Freshways and Arla have announced significant reductions in milk prices at the farm level. The reason given for the decision was an increase in global milk supply combined with lower domestic demand, resulting in downward pressure on prices. Recent retail price cuts initiated by retail chains also played an important role. All that remains (especially for farmers) is to keep a close eye on the changing market situation.

The Americas


FDA has extended the comment period for plant-based beverages

FDA recently reopened the public comment period for plant-based milk labeling at the request of several stakeholders. If the commented draft is finalized, plant-based beverages can be labeled as milk even though they are not dairy products and have different nutritional values than milk. This inspired a certain popular social media campaign…
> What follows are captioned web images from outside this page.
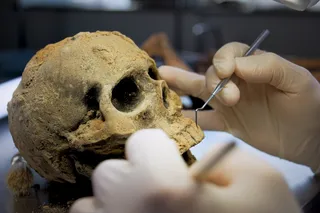 Ancient human skull representation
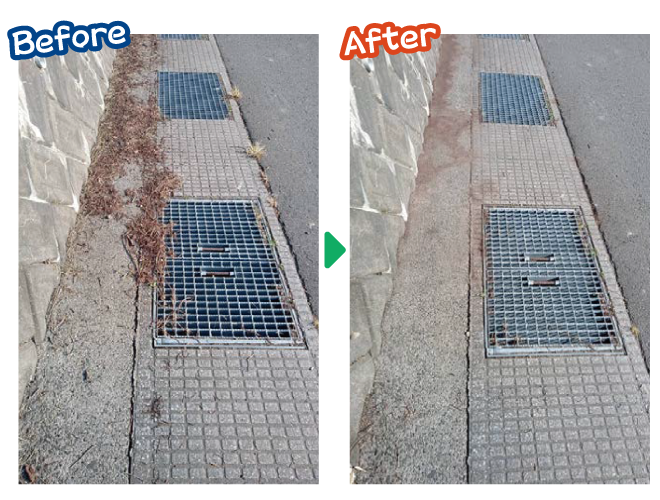 大安が行く - 2025年10月15日の写真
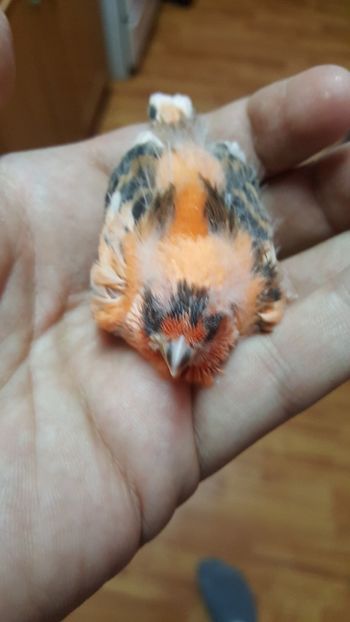  - Canari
The (next) technological revolution in dairy herd management?

Vas’s Dairy Comp recently released two new technology solutions designed to help dairy farmers manage their herds, animal health and costs. As the developers argue, the new tools replace numerous spreadsheets and allow live tracking of changes in the herd and individual cows’ bodies, allowing farmers to optimize costs, monitor animal health and even predict future health events. How did people get by in the past without all this technology?

Wood Milk – new competition for dairy products?

An ad campaign for a new brand co-founded by actress Aubrey Plaza, Wood Milk, is attracting a lot of attention on social media. The ads are, of course, a satire of plant-based dairy products and were inspired by the iconic ‘Got Milk?’ campaign. The creators argue that their goal is to draw consumers’ attention to the nutritional value of the beverages they consume, but many people were outraged by the form and message.

Asia & Oceania


Australian region without a drop of milk

An unusual situation is occurring in the Far North Queensland region: there is a shortage of milk and the milk shelves in the stores are empty. This is interesting and acute because the region once had hundreds of dairy farms, and as recently as 2000, the local factory was supplied by 185 producers. Now their number has dropped to 45, and the reason cited is the deregulation of the dairy industry. Much of the region’s milk needs are currently met by imports, but recently demand has outstripped supply.

Fonterra has opened a new innovation center in China

The facility, which opened in Shenzhen, southern China, will focus on the beverage category. The center was set up as part of the company’s strategy to present New Zealand milk to Chinese customers in an innovative way. Work at the application center will focus on testing and developing new products. These will be tailored to the needs and expectations of Chinese consumers.

Russian milk is a threat to producers in Kazakhstan

Recently, it has been reported that cheap Russian milk is appearing in Kazakhstan, which is clearly a threat to the interests of local producers. Experts point out that the only appropriate response is stricter border control. In their view, the uncontrollable consequences of flooding the country with cheap Russian milk are difficult to foresee, especially since the situation is likely to continue for a long time considering the weakening ruble.